AIM OF THE TASK: Leaving out any pictures, transcribe every record exactly.

Pictures with short captions:
------
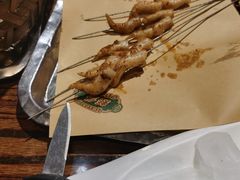 -蚝堡海鲜·威海菜·海肠捞饭·烧烤·亚洲吃蚝公司(幸福门店)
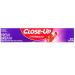 Close-Up Toothpaste Refreshing Red Gel Anticavity Fluoride Cinnamon 6 Ounce (Pack of 6) - Buy Online on GoSupps.com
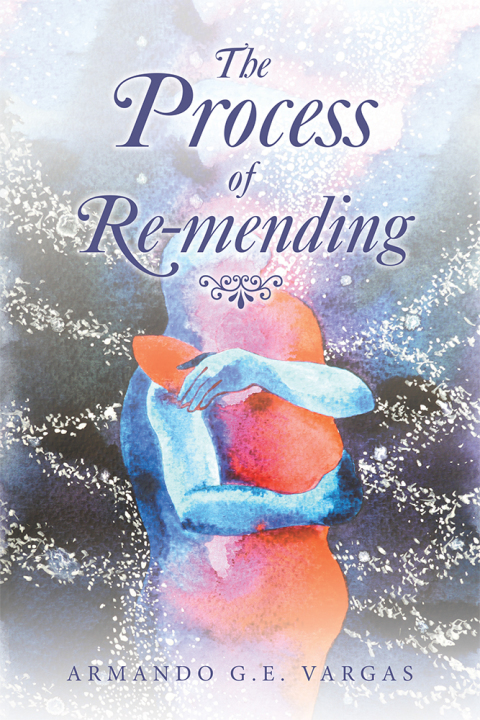 Cover image for book The Process of Re-Mending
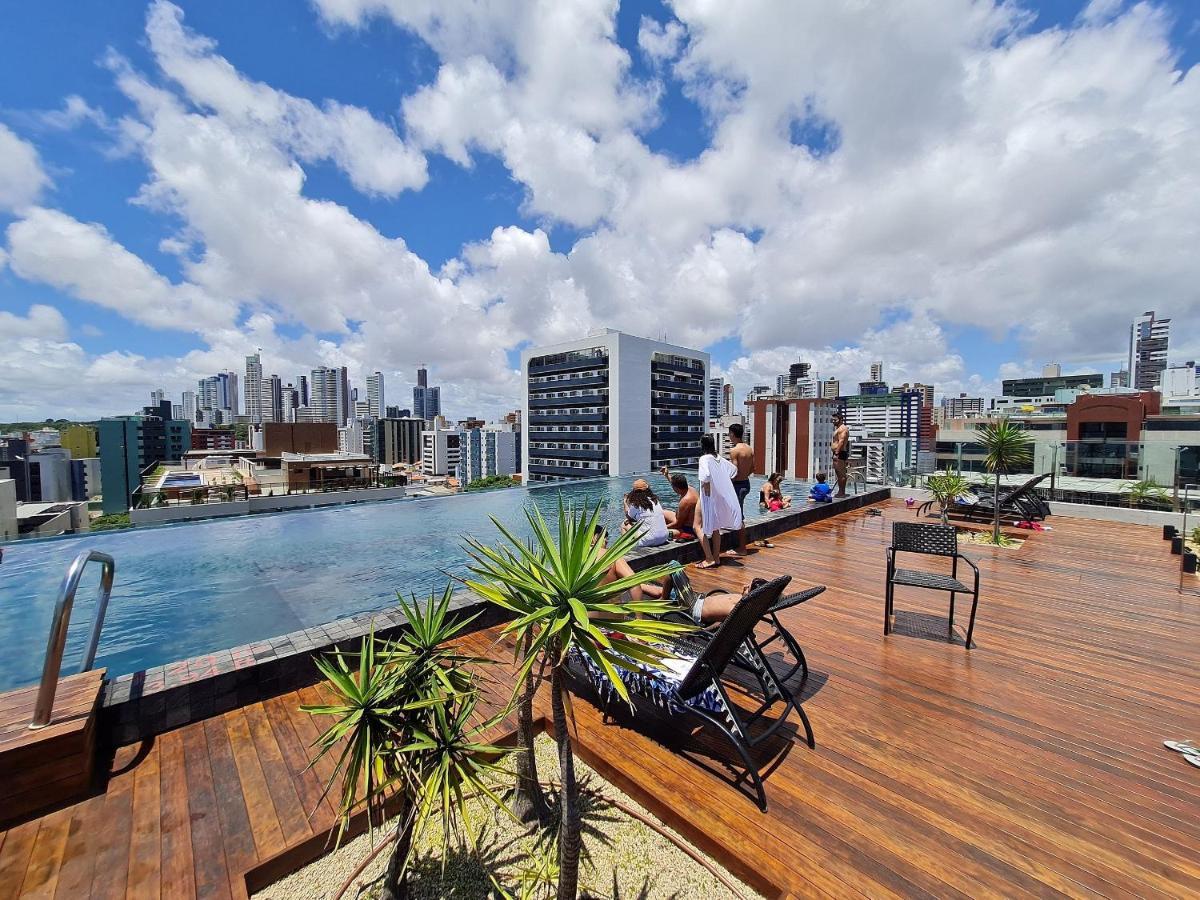 Apartamento Ax Qualite Premium *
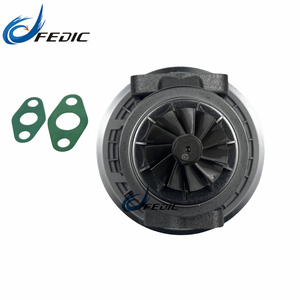 Ford Maverick Nissan Y60 Y61 Safari W40 W41 sivil otobüs için Turbo kartuş <span class=keywords><strong>HT18</strong></span> 14411-62T00 tdtd42t dizel 145 155 160 HP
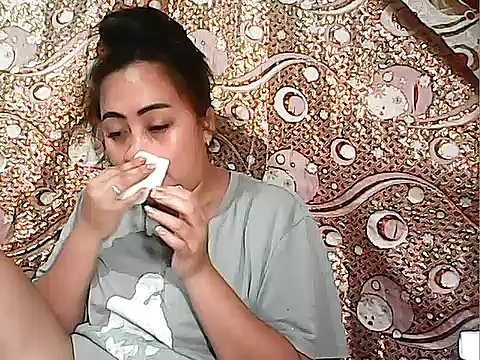 Pinay Chubby20 online show from December 22, 2025, 11:38 pm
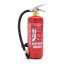 Огнетушитель порошковый ОП-4 (з) Премиум АВСЕ Ярпожинвест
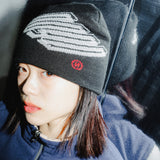 9090 Tech Beanie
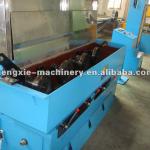 High Speed Intemediate Copper Wire Drawing Machine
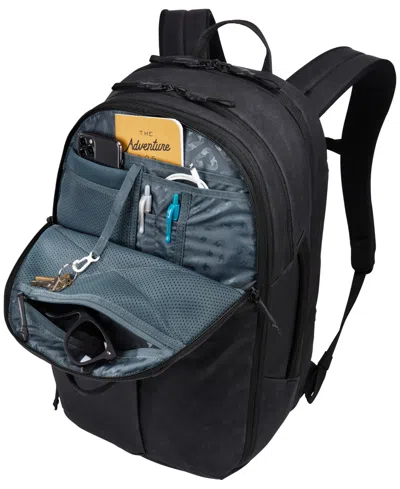 Thule Aion 28-liter Backpack In Black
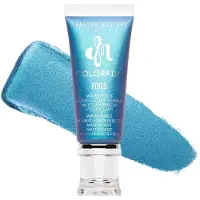 Danessa Myricks Beauty Colorfix Foils Oogschaduw 10 ml Mermaid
------
ANSWER SECTION:
 -蚝堡海鲜·威海菜·海肠捞饭·烧烤·亚洲吃蚝公司(幸福门店)
 Close-Up Toothpaste Refreshing Red Gel Anticavity Fluoride Cinnamon 6 Ounce (Pack of 6) - Buy Online on GoSupps.com
 Cover image for book The Process of Re-Mending
 Apartamento Ax Qualite Premium *
 Ford Maverick Nissan Y60 Y61 Safari W40 W41 sivil otobüs için Turbo kartuş <span class=keywords><strong>HT18</strong></span> 14411-62T00 tdtd42t dizel 145 155 160 HP
 Pinay Chubby20 online show from December 22, 2025, 11:38 pm
 Огнетушитель порошковый ОП-4 (з) Премиум АВСЕ Ярпожинвест
 9090 Tech Beanie
 High Speed Intemediate Copper Wire Drawing Machine
 Thule Aion 28-liter Backpack In Black
 Danessa Myricks Beauty Colorfix Foils Oogschaduw 10 ml Mermaid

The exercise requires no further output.